ACTIVITY: Where the line containing "Hill House Nap" appears, begin retyping; continue exactly through the final line of the data. Omit every picture.

PROVIDED INFORMATION:
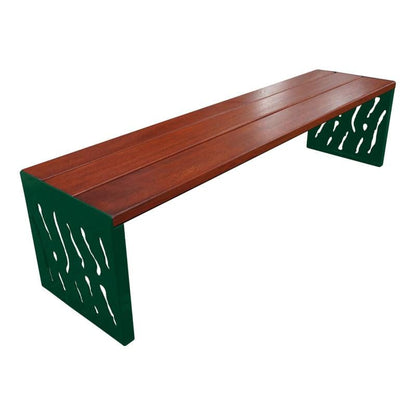 Cityscape Direct Venice Bench (Steel and Wood) Mahogany / Green (RAL 6005)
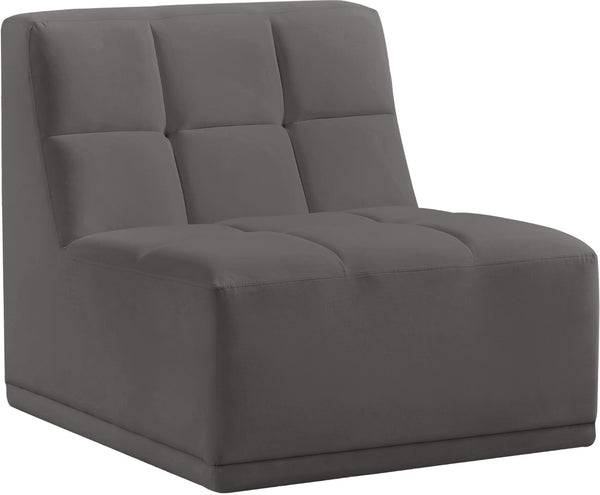 Relax Velvet / Engineered Wood / Foam Contemporary Grey Velvet Armless Chair - 30" W x 34" D x 31" H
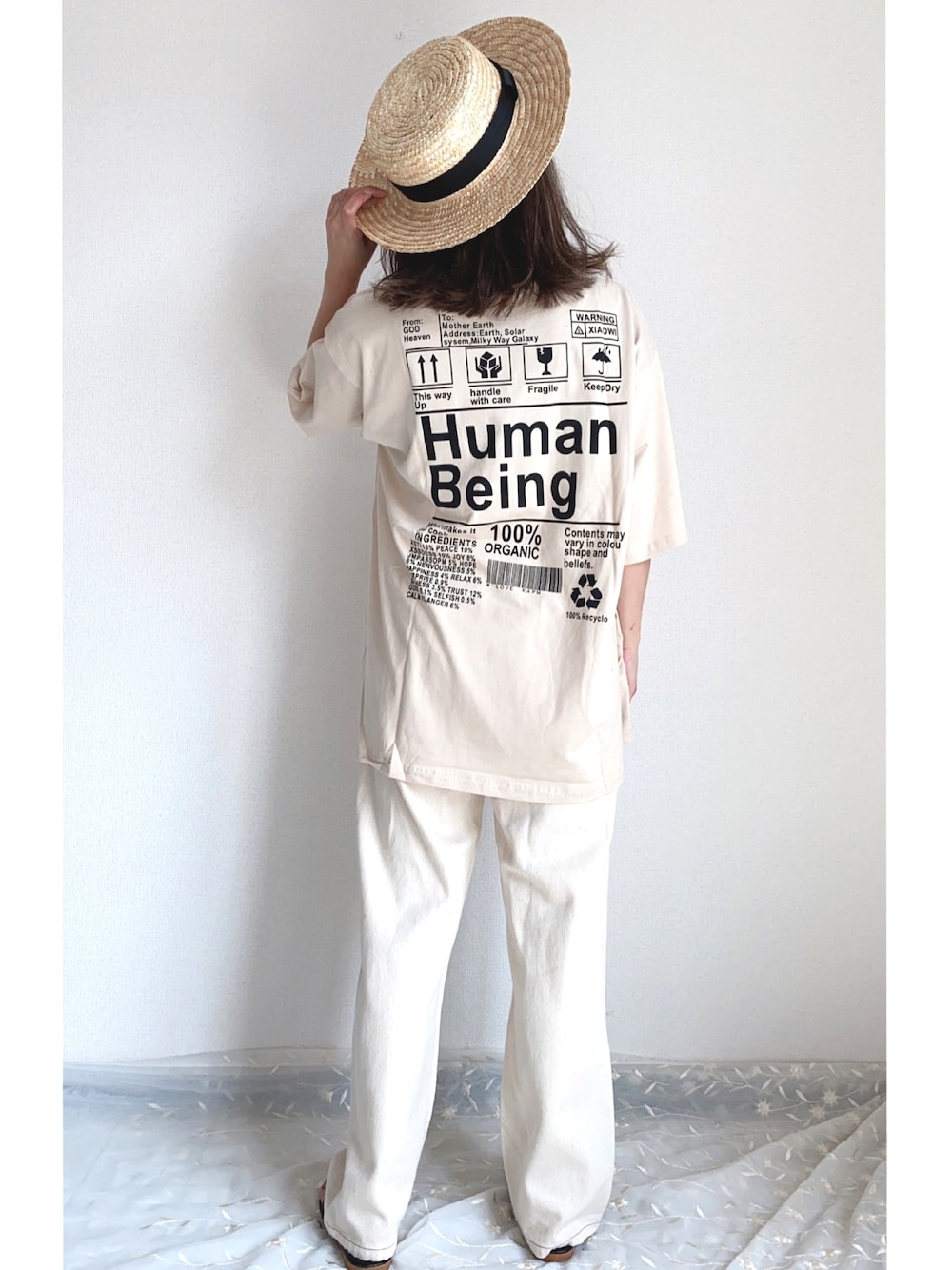 「apretro、apretro_zozo、アプレトロ、ZOZOでしか買えない、夏コーデ、大人カジュアル、プチプラコーデ、夏だ！Tシャツ着よう！、Tシャツコーデ、おしゃれさんと繋がりたい」｜「ap retroのアソートバックプリントTEE【ZOZO限定アイテム】（Tシャツ/カットソー、ベージュ系）」を使った、ap retroさん（レディース・156cm）の夏コーディネートの1枚目の写真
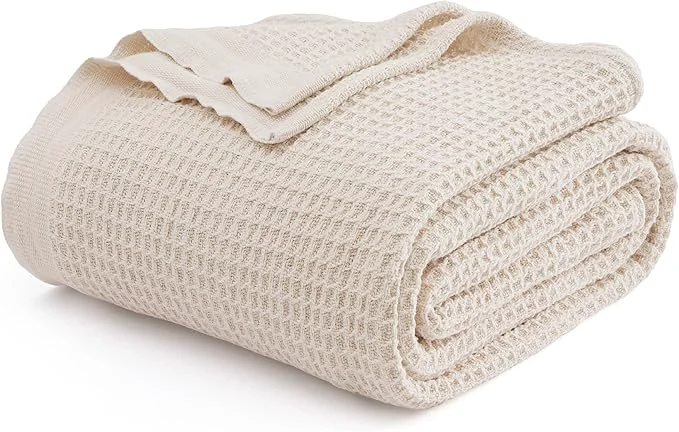 Relaxed Bedsure Gentlesoft Cotton Blanket Twin XL Size for College Dorm – Breathable and Soft for Spring Summer Waffle Weave Twin Blanket for Bed Dorm Room Essentials Light Beige 66×90 inches Next-Generation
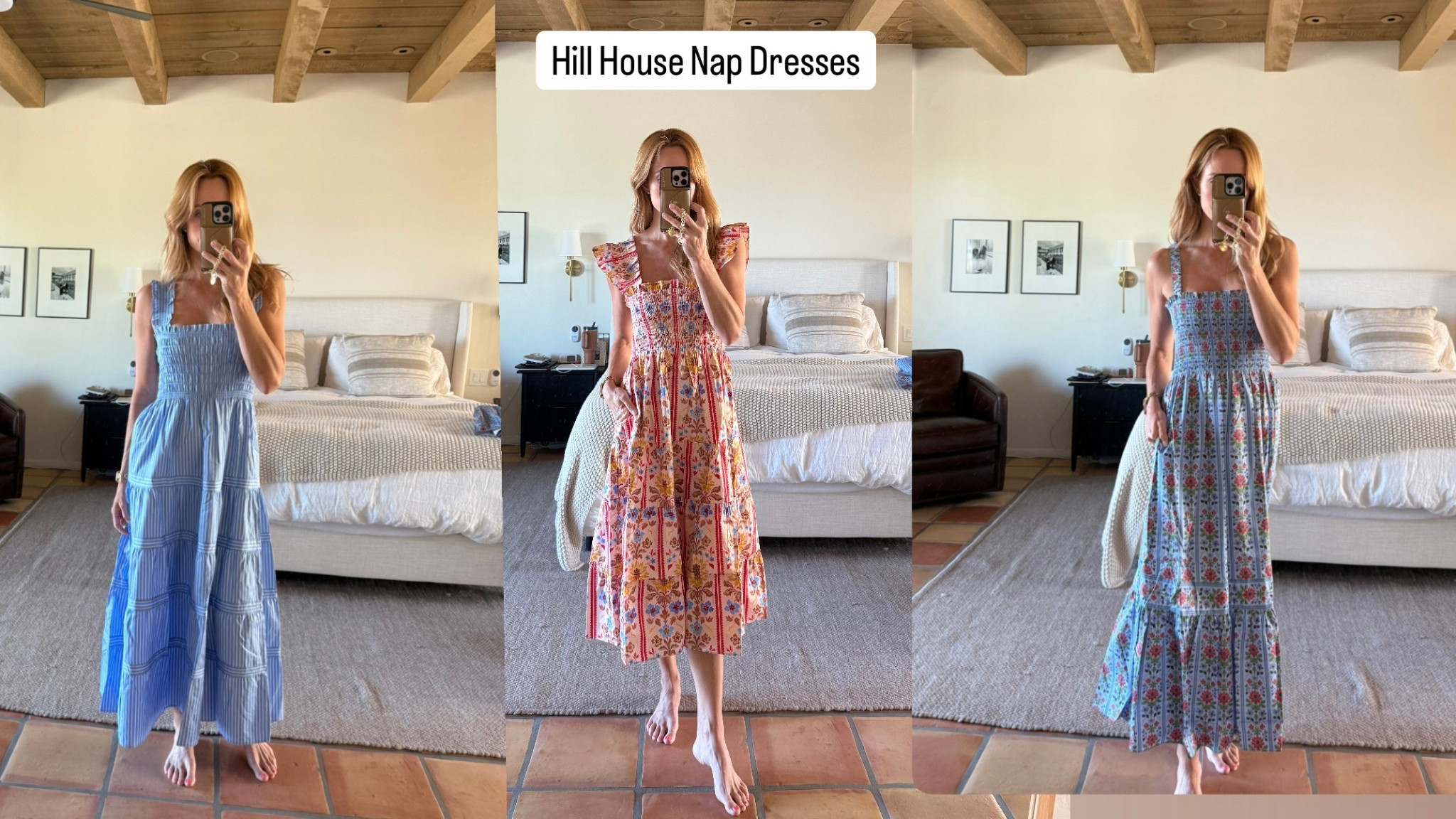 Hill House Nap Dresses try on - size small in all. Most perfect summer dress that can be dressed up or down, and easy for travel!

Left to right: Anjuli Nap Dress, Ellie Nap Dress and Kimmy Nap Dress 

#LTKSeasonal #LTKStyleTip #LTKTravel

SOLUTION FOR THIS PROBLEM:
 Hill House Nap Dresses try on - size small in all. Most perfect summer dress that can be dressed up or down, and easy for travel!

Left to right: Anjuli Nap Dress, Ellie Nap Dress and Kimmy Nap Dress 

#LTKSeasonal #LTKStyleTip #LTKTravel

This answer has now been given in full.